• [Directions] The response should consist of every record, reproduced exactly.

• [Input records]
--------------------------------------------------

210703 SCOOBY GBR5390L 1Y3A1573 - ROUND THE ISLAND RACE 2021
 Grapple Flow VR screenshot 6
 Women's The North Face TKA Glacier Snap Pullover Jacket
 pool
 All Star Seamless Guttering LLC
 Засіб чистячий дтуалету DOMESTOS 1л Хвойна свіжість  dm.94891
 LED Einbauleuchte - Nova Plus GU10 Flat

--------------------------------------------------

• [Response]
210703 SCOOBY GBR5390L 1Y3A1573 - ROUND THE ISLAND RACE 2021
 Grapple Flow VR screenshot 6
 Women's The North Face TKA Glacier Snap Pullover Jacket
 pool
 All Star Seamless Guttering LLC
 Засіб чистячий дтуалету DOMESTOS 1л Хвойна свіжість  dm.94891
 LED Einbauleuchte - Nova Plus GU10 Flat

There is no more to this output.